Only one in eight jihadists who have travelled to Syria and Iraq have been prosecuted on their return to the UK, it has been revealed.
It is estimated that 400 British Muslims have travelled abroad and joined terrorist groups such as Islamic State and then returned to the UK since 2012.
Answering a parliamentary question about the number of prosecutions of returning Jihadists, Home Office spokesman in the House of Lords, Lord Keen of Elie, revealed that the Crown Prosecution Service (CPS) has only successfully prosecuted 35 cases involving 54 such defendants.
He said 13 prosecutions involving 30 defendants are ongoing, and that the Public Prosecution Service for Northern Ireland was also dealing with one case involving a suspected jihadist who travelled to and returned from Syria.
Lord Keen said: “If there is evidence that people are going abroad to engage in terrorist activity, they can be arrested and prosecuted. They can also be arrested and prosecuted if they return to the UK.
“There are a wide range of offences that can be used to prosecute such individuals but each case has to be considered individually on its merits and whether an arrest or prosecution can take place will depend on the evidence available.
“If the police refer a case to the CPS, they consider whether the test in the Code for Crown Prosecutors is met. That is, whether there is sufficient evidence to provide a realistic prospect of conviction for any offence and, if so, whether it is in the public interest to prosecute.”
The low prosecution rate is concerning, considering that the number of suspected British jihadists returning to the UK is likely to be much higher than estimated - with experts saying many find ways to make their re-entry into the country without detection.

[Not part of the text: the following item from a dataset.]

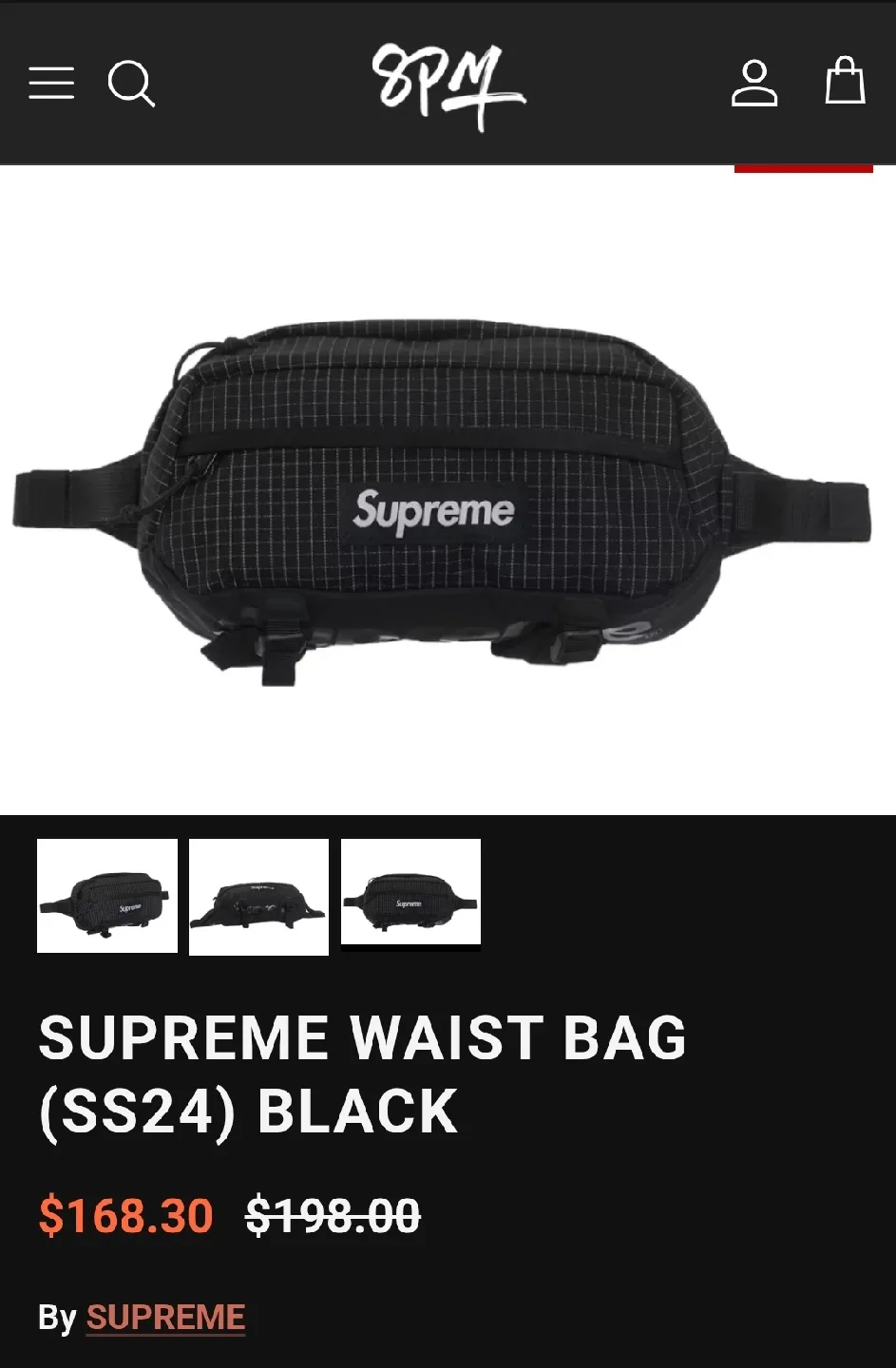 Supreme Waist Bag (SS24) Black image indicator(3)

Professor Anthony Glees, head of the University of Buckingham’s Centre for Security and Intelligence Services, told the Daily Telegraph, which first reported the figures: “The hundreds of British citizens who have gone to Syria are highly dangerous. The fact that so few are being prosecuted when they return is clearly very unsatisfactory and will be very alarming to many people.
“We need to know why so many haven’t been prosecuted. It suggests to me that they have simply gone off the radar while our security services try to play catch-up.”
A Home Office spokesman said it had a “wide range of powers at our disposal to disrupt travel to conflict zones and manage the risk posed by returnees”.
He said: “Everyone who returns from Syria or Iraq can expect to be subject to investigation to determine if they pose a threat and they should be in no doubt we will take the strongest possible action to protect our national security.
“Border Force works closely with counter-terrorism police to ensure the security of the UK border and identify those who may have been involved in terrorist activity overseas. The vast majority of passengers are checked against our systems before they even travel, so we know who is arriving, and all passengers are checked against police, security and immigration watch lists when they reach passport control.”